━━━ Dataset content

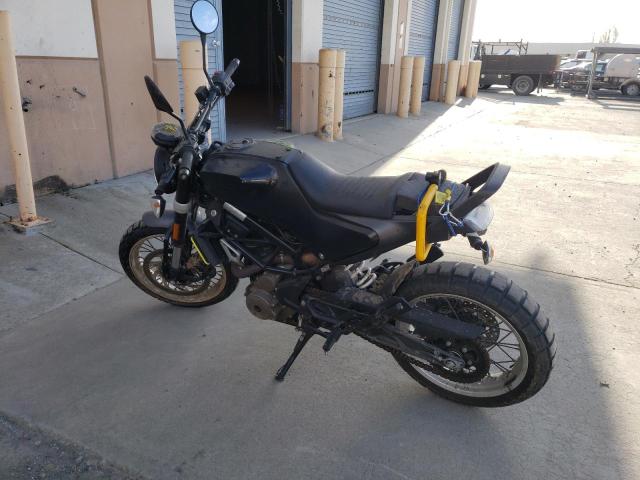 VBKUNJ404KM262388 - 2019 HUSQVARNA SVARTPILEN BLACK photo 3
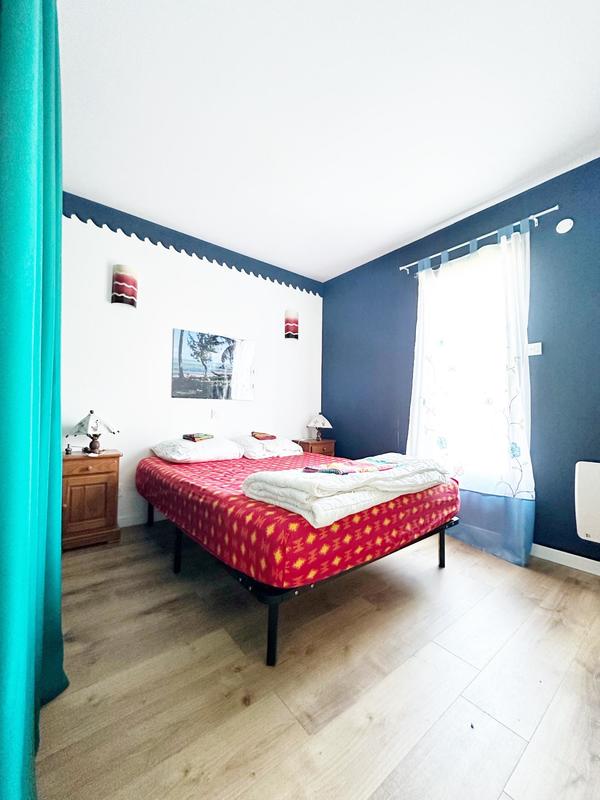 Maison - 90 m² - 3 pièces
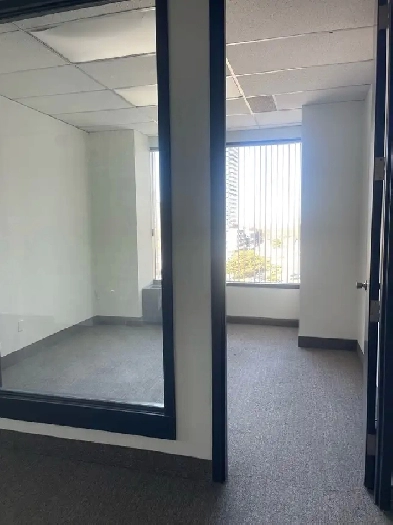 HAIRSTYLIST ROOM /LASH ROOM FOR RENT/NO LAST MONTH/NORTH YORK Image# 1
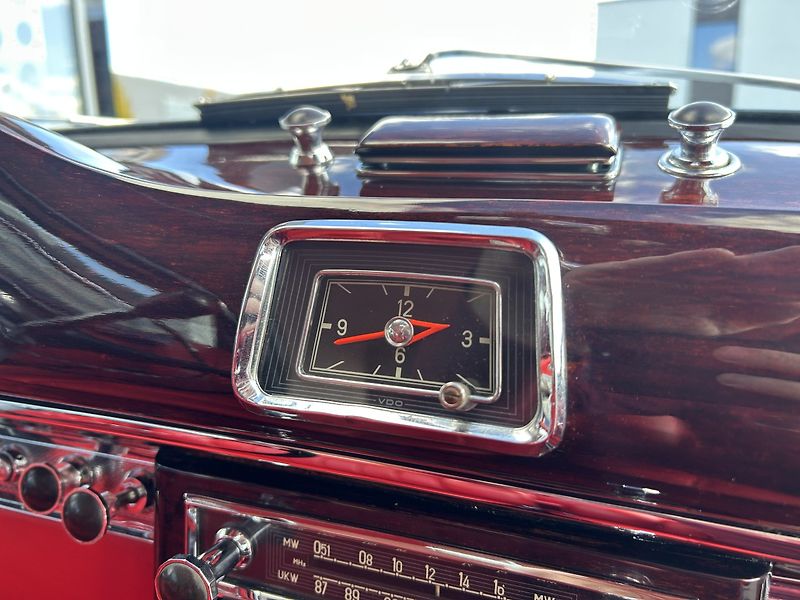 Mercedes-Benz Ostatní 220 S PONTON CABRIOLET - fotka 19 z 28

━━━━━━

→ Try it
Omit the pictures, then print the rest of the listing above exactly.

→ Solution
 VBKUNJ404KM262388 - 2019 HUSQVARNA SVARTPILEN BLACK photo 3
 Maison - 90 m² - 3 pièces
 HAIRSTYLIST ROOM /LASH ROOM FOR RENT/NO LAST MONTH/NORTH YORK Image# 1
 Mercedes-Benz Ostatní 220 S PONTON CABRIOLET - fotka 19 z 28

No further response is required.